Canada embraced the original and the blonde versions of this remarkable beer so whole-heartedly thatfor the last three years Innis & Gunn have produced a special Canada Day beer as an acknowledgement and thankyou to their loyal fans across the ocean. The latest iteration will be in LCBO stores and widely available across Canada while stocks last. It’s extremely delicious – robust, oaky, with a rich, resinous nose of Fuggles hops and oaky vanilla flavours among the malty sweetness. I had thought they might have slapped in some maple syrup or something to Canadianize the brew but they are wiser and more subtle than that. To quote from the smart gift box, “Alongside ale malt we have added Munich malt to give a beautiful biscuit backbone as well as golden oats which have added a wonderful creamy smooth finish. We have used one single variety of Fuggles hops grown in East Kent, England. These have added their signature earthy, rich and resinous hop aromas and character.”

I don’t usually quote from back labels because they are usually a tissue of lies but in this case the I&G team is spot on.

And to properly Canadianize the product they have boxed it with artwork by Ontario artist Deborah Colvin, a whimsical image of wild hockey against a map of Canada. Such a lot of trouble for a Scottish brewery to go to just to flatter their Canadian clientele!

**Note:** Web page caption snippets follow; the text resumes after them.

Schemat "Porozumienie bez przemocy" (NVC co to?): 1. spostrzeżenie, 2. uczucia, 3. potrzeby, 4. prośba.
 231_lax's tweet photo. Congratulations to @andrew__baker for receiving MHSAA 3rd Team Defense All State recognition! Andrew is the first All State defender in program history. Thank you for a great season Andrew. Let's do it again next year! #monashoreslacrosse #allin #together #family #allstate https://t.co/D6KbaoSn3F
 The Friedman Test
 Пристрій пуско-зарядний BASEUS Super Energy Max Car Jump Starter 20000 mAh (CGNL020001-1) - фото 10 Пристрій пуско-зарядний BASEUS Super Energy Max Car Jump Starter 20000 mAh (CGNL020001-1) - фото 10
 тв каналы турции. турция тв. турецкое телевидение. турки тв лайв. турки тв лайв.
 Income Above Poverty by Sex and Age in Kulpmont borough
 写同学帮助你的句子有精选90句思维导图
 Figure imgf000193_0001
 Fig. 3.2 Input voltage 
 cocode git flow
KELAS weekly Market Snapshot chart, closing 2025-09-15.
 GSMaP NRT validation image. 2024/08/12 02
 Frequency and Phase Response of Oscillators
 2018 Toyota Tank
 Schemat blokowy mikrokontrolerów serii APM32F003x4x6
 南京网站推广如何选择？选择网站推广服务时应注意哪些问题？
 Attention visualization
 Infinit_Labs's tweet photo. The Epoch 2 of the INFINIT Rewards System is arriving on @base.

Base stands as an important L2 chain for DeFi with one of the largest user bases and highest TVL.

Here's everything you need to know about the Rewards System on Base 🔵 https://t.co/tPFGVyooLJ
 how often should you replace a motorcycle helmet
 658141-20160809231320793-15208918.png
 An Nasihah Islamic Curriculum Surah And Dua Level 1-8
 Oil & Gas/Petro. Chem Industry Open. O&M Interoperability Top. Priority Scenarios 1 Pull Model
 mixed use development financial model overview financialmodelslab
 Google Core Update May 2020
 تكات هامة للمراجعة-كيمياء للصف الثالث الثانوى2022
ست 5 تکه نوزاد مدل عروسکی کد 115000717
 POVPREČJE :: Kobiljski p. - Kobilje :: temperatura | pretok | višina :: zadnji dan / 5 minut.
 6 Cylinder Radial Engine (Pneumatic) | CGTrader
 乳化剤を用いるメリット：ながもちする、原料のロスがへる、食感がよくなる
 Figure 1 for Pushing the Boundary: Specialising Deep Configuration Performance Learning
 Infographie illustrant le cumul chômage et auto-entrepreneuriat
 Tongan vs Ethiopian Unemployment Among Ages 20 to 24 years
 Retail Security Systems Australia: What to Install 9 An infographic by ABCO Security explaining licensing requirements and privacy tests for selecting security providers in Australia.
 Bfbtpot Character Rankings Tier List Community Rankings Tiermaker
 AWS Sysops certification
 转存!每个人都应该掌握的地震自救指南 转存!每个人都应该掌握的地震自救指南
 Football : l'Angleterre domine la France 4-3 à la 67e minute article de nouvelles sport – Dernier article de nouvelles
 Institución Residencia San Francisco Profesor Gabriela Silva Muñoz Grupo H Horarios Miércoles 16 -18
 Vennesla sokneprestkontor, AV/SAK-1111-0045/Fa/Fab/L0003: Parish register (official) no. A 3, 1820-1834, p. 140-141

This is a strong beer at 8.3% alcohol by volume – kind of a barley wine, which takes me back to my university days and a barley wine served in the Turf Tavern pub off Holywell Street (of blessed memory) and the night when a rugby-playing Goliath threatened me with violence unless I changed my tipple to a Real Ale (CAMRA had just been invented). But I digress. A week ago I would have rejected this oak-aged brew as unseasonal, but then the sun was shining and I was in a T-shirt digging the garden. Now we have chilly Vancouver drizzle and the rich, hearty, malty ale seems entirely à propos.